This is the fifth and final post of a series examining GHC’s support for DWARF debug information and the tooling that this support enables:
- Part 1 introduces DWARF debugging information and explains how its generation can be enabled in GHC.
- Part 2 looks at a DWARF-enabled program in
gdband examines some of the limitations of this style of debug information.
- Part 3 looks at the backtrace support of GHC’s runtime system and how it can be used from Haskell.
- Part 4 examines how the Linux
perfutility can be used on GHC-compiled programs.
- Part 5 concludes the series by describing future work, related projects, and ways in which you can help.

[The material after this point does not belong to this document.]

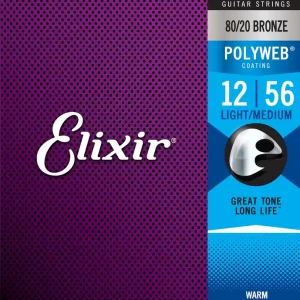 ELIXIR 11075 Polyweb Bronze Light/Medium 012-056 Anti Rust Plain Steel. Saiten für Westerngitarren. Echt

In the previous four posts we saw of some the functionality enabled by DWARF debug information. As of GHC 8.10.2 everything we saw above should be possible with the standard DWARF-enabled GHC binary distributions.

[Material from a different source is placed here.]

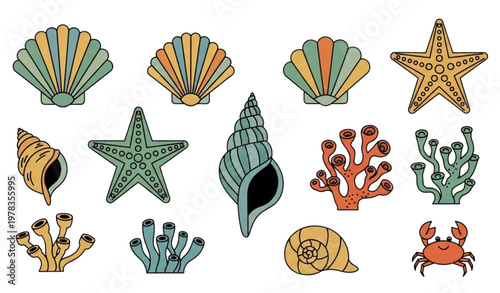 Retro nautical seashells and marine animals cartoon vector illustration for beach summer designs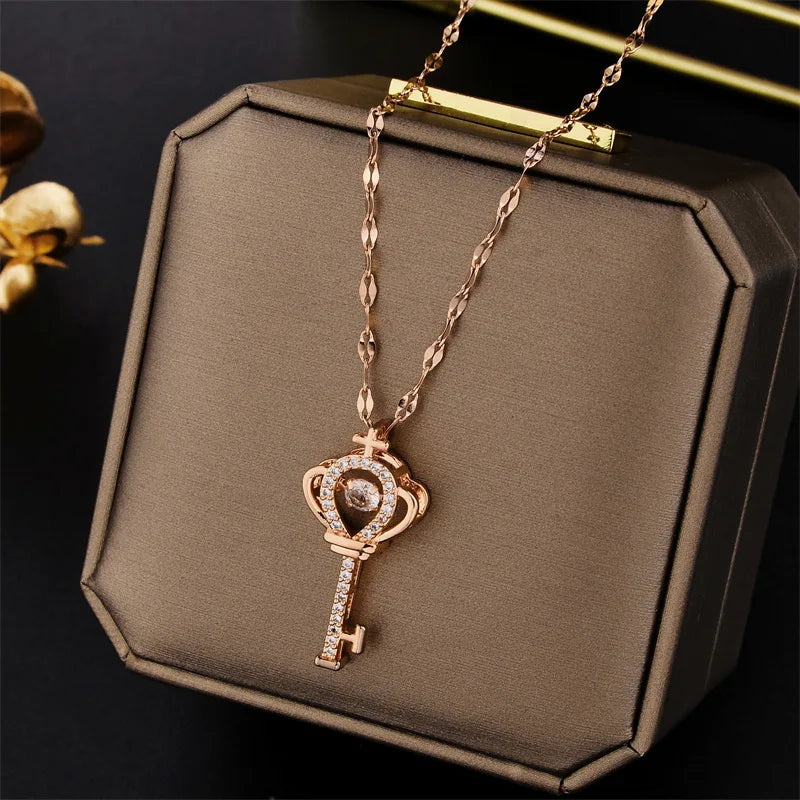 Luxury Zircon Crystal Pendant Necklace – Korean Fashion for Women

However, there is still a great deal of untapped potential and much remains to be done. Here is a sampling of tasks in no particular order:
- Merge the fruits of my latest push on DWARF support upstream (!2380, !2373, !2387)
- Make GHC-generated symbols (e.g.
59fw_info) more reflective of their origin in the source program
- Preserve call-stacks in exceptions (as discussed in part 3)
- Reduce the size of debug information through more concise representation (see #17609)
- Some RTS symbols (e.g.
stg_PAP_apply) don’t have accurate unwind information, leading to truncated backtraces in some cases (#17627)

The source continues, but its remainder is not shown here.